Google allows users to password-protect their My Activity archive

Many people around the world are very concerned about their online privacy. No one wants others to know what they're doing online because that information can be highly personal, including research into medical conditions and more. When users of Google products, including Android devices, smart speakers, and the Chrome browser to surf the Internet, their activity history is stored on Google servers.

The activity history is accessible through the My Activity service. In addition to saving web history, the service also stores information on apps users have launched on any given day and places they have checked in via Maps. Essentially, there is a huge volume of information available through My Activity that could reveal the exact locations you frequent.

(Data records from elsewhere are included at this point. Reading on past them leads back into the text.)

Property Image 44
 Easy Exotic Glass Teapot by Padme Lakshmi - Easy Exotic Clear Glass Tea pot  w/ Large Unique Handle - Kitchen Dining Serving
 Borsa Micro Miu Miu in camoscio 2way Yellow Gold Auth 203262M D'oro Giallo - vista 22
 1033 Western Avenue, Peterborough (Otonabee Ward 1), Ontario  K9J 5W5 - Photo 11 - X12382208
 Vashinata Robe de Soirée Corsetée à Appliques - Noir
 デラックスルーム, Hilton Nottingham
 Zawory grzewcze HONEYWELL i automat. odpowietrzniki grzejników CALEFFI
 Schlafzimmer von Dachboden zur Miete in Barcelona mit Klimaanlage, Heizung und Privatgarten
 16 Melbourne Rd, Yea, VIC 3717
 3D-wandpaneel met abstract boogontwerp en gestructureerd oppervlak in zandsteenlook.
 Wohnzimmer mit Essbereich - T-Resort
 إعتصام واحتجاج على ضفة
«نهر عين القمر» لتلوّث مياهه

To protect that data, Google has added an additional layer of security to ensure only you can access the information.

Google says that users can now turn on extra verification to allow Google to ensure that it's actually you before showing or allowing deletion of the full history on My Activity. The goal is to make the history information more secure on shared devices. Google is also clear that the new setting that applies only to My Activity in history could still appear in other Google products.

Users are given a radio button to require extra verification and a radio button to not require additional verification. If you enable the additional verification, the feature will require you to verify your identity before exposing the history. The verification is done by taking the user to the standard Google sign-in page, where you can enter your password or connect via an Android device if that feature is set up.

For anyone using shared devices among family members or other users, being able to lock down your information is a welcome addition. It could prevent someone from picking up a device left unlocked and viewing the places you frequent and the apps you use.